TASK OBJECTIVE:
Scan the entries for "from". Every line that holds it is to be copied.

DATA FOR REVIEW:
________________________
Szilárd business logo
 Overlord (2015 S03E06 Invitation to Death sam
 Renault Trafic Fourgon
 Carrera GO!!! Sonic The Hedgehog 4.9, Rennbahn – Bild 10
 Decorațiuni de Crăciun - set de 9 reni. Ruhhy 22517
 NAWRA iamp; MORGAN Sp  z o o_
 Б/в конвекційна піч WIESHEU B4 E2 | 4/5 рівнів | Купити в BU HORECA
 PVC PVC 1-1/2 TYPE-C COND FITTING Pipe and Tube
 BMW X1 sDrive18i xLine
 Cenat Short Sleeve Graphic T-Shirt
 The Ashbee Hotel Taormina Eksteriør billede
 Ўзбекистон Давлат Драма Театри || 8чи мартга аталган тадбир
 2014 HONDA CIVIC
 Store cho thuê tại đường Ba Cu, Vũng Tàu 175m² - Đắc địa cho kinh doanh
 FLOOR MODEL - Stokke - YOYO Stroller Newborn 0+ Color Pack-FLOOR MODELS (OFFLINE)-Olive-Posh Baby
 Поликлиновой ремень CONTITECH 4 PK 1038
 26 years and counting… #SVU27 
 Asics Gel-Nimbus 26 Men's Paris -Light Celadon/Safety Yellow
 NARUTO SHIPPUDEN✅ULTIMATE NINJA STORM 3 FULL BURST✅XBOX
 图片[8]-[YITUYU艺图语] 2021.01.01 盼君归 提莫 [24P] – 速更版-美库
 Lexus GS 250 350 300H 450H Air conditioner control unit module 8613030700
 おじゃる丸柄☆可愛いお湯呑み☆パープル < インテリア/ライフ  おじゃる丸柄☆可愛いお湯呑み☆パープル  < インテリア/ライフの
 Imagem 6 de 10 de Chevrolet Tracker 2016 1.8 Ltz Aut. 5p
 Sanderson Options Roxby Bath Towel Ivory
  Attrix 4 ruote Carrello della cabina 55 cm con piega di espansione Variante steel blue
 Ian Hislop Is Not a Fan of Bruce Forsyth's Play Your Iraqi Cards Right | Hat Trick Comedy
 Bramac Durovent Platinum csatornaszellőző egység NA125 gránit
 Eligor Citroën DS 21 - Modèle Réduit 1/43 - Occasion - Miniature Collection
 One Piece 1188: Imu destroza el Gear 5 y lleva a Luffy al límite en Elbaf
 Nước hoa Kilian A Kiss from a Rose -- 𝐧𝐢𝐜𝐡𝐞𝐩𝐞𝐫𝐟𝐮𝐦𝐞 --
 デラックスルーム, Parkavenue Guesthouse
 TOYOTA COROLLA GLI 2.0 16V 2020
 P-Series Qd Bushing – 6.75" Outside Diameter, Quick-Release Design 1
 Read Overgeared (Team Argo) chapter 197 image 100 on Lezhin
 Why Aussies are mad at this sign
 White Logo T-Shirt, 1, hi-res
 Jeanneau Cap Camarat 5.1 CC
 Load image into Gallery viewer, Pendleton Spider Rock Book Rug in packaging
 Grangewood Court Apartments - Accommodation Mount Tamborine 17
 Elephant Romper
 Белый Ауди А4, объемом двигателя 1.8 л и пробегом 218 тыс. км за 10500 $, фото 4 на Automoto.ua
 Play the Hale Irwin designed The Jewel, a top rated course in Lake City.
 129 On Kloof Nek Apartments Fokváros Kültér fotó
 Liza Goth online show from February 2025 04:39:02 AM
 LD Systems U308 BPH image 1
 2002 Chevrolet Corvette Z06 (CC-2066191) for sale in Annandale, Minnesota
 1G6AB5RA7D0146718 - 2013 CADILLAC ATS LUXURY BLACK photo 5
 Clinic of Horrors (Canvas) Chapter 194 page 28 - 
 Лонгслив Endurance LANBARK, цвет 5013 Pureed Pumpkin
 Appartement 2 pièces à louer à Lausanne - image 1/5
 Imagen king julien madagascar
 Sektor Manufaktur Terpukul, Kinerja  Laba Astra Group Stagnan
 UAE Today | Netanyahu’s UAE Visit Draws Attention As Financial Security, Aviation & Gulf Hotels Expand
________________________
SOLUTION TO THE EXERCISE:
 Nước hoa Kilian A Kiss from a Rose -- 𝐧𝐢𝐜𝐡𝐞𝐩𝐞𝐫𝐟𝐮𝐦𝐞 --
 Liza Goth online show from February 2025 04:39:02 AM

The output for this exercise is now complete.